A tale of two continents
The panel also discussed the contrasting economic outlooks of Europe and Asia over the next six to 12 months. With war at Europe’s doorstep and its direct consequences, particularly on energy and food prices, the speakers reflected that there seemed to be a real sense of fear among policymakers of the income effect on wide swathes of the population. They reflected that the expectation for the continent to suffer a difficult recession in 2023, combined with other secular and cyclical factors, might also result in populist policies.
To avoid the full brunt of a downturn, the panellists stressed that cooperation within the European continent would be vital. They pointed out that the Russia-Ukrainian war had already precipitated some of this, and that relations between the United Kingdom and Europe had also showed signs of warming, with some movement to reduce frictions on trade underway. Even then, the panel recognised that Europe’s political situation remained volatile, with policymakers potentially reacting to the war and the changing economic situation in a diversity of ways, which would contribute to increasing unpredictability from an investor’s standpoint.
Meanwhile, Asia presented a far more optimistic picture for investors.
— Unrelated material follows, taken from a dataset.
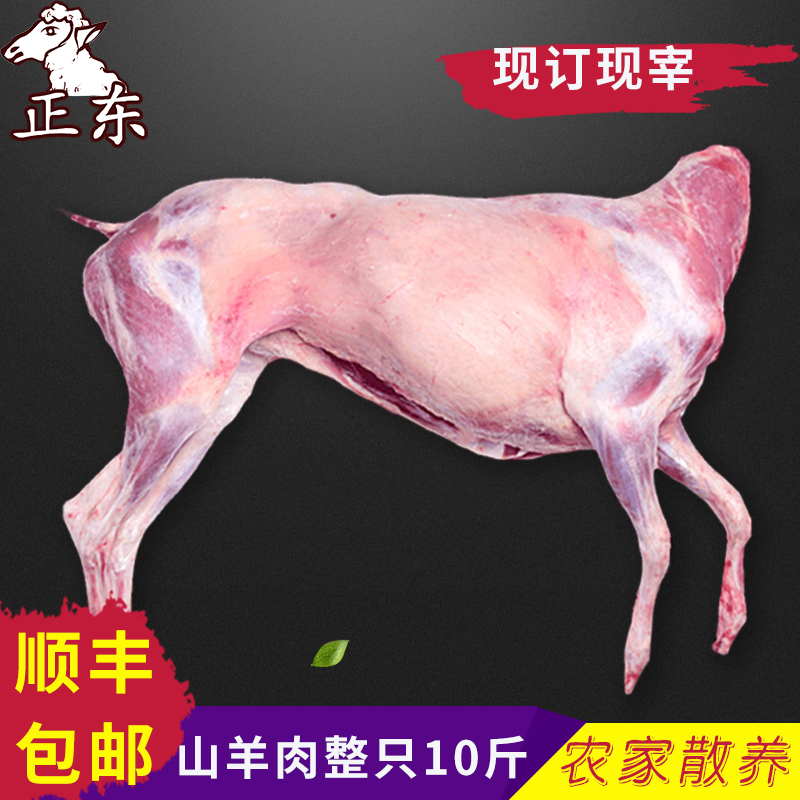 靖远羊羔肉甘肃全羊肉新鲜整只烤全羊10斤山羊肉生羊肉批发现杀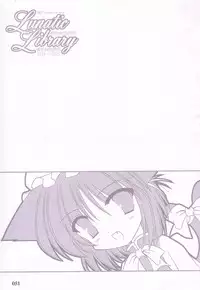 (C74) [Reverse Noise (Yamu)] Lunatic Library (Touhou Project)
The panellists noted that Asian markets would likely recover from an impending recession sooner than their European counterparts. Fund managers are already making a beeline for places like Southeast Asia, as the region’s stability and growth prospects make it far more attractive. From manufacturing solar-powered batteries to exporting nickel, Asia remains a bright spot.
On China, while the panellists recognised that investors would have to remain careful, undertake extensive bottom-up due diligence, and even opt for more liquid investments, they concurred that it should remain a part of any investor’s portfolio. The key would be to understand the politics and what the Chinese government’s policy stances mean. They said that it was now clear, based on the latest Party Congress, that the country would be pursuing “modernisation with Chinese characteristics”. This approach, they explained, emulates specific government policies from other countries, such as housing or education, but tailors them for China. It also potentially opens up opportunities in investing in the green economy and social sectors.